MQSeries.net :: View topic - Parser Architcture

MQSeries.net

Tech Exchange

Education

Certifications

Library

Info Center

SupportPacs

FAQÂ Â

Usergroups

RSS Feed - WebSphere MQ Support

RSS Feed - Message Broker Support

MQSeries.net Forum Index » WebSphere Message Broker (ACE) Support » Parser Architcture

Parser Architcture

« View previous topic :: View next topic »

Author

Message

shwetabh WMB

Posted: Tue Aug 09, 2016 12:05 pm Post subject: Parser Architcture

Novice

Joined: 15 Jul 2016
Posts: 23

Hi,
I wished to know the internal working of parsers used in IIB.How parsing and serialisation work.Is there any document which gives the internal working of parsers?

Vitor

Posted: Tue Aug 09, 2016 12:36 pm Post subject: Re: Parser Architcture

Grand High Poobah

Joined: 11 Nov 2005
Posts: 26093
Location: Texas, USA

shwetabh WMB wrote:

I wished to know the internal working of parsers used in IIB.

Why? What possible use could this information be put to? What about your development requires this?

shwetabh WMB wrote:

Is there any document which gives the internal working of parsers?

The working of the different parser timings (On Demand / Complete / Immediate) are documented as are the effects of different data modeling strategies on parser performance.

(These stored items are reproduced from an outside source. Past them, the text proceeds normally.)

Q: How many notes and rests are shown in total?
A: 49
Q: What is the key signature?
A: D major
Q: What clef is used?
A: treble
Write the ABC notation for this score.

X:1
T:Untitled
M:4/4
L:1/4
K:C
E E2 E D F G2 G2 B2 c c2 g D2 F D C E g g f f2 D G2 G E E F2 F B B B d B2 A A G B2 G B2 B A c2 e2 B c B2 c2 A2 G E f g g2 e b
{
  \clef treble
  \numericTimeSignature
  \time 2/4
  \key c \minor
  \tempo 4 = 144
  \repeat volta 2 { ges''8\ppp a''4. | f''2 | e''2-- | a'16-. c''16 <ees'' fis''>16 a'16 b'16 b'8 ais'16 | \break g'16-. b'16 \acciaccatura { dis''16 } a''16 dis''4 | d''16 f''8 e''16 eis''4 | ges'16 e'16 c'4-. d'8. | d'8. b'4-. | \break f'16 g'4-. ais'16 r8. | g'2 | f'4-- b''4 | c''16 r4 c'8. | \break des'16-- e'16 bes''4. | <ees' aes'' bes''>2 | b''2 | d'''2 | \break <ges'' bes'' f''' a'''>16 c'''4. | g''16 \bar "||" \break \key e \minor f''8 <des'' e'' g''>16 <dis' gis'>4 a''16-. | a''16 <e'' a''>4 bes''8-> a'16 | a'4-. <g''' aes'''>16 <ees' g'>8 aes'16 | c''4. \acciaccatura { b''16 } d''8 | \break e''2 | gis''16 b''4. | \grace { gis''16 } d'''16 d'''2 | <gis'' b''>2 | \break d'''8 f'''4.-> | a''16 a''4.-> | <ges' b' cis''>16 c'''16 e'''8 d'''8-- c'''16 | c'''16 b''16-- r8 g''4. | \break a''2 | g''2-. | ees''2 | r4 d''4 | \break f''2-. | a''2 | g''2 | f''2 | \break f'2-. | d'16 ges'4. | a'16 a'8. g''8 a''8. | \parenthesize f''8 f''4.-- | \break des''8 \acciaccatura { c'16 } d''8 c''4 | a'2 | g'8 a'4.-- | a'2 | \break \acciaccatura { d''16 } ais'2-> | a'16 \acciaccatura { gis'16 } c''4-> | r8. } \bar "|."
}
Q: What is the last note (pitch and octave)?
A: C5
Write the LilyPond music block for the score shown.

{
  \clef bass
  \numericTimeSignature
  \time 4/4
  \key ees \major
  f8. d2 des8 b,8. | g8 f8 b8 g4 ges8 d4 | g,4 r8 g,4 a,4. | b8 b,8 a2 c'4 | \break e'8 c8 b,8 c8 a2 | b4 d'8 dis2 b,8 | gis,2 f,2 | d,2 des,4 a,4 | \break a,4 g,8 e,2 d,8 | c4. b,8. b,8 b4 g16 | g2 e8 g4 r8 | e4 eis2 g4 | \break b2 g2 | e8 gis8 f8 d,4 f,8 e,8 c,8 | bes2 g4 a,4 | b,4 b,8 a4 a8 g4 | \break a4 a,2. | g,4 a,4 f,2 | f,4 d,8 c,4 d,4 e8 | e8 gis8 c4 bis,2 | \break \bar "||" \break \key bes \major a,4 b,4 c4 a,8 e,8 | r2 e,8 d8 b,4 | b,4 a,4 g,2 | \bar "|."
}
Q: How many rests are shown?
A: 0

I would imagine anything else would be IBM Intellectual Property. Raise a PMR and see how many Non-Disclosure Agreements you need to sign before they tell you.

But I still doubt the information would be of any practical value to you.
_________________
Honesty is the best policy.
Insanity is the best defence.

shwetabh WMB

Posted: Wed Aug 10, 2016 3:03 am Post subject:

Novice

Joined: 15 Jul 2016
Posts: 23

Hi,
I wished to learn the internal working of Parser. Reason being the issue we faced in PROD environment.XMLNSC parser dividing CData section .I intermittently.Issue is raised for same in this forum:-

http://www.mqseries.net/phpBB2/viewtopic.php?t=72642&highlight=cdata

We raised PMR for same and we got the answer stating XLXP parsing engine used by XMLNSC parser divides data based on some character or based on the memory buffer.

Frankily anyone will just use XMLNSC parser without knowing the impact it can cause on message.I was not knowing about xlxp scanning engine before this issue came in.javascript:emoticon('

')
It will surely help in design and development if we have the deep understanding.

smdavies99

Posted: Wed Aug 10, 2016 3:58 am Post subject:

Jedi Council

Joined: 10 Feb 2003
Posts: 6076
Location: Somewhere over the Rainbow this side of Never-never land.

shwetabh WMB wrote:

Hi,

It will surely help in design and development if we have the deep understanding.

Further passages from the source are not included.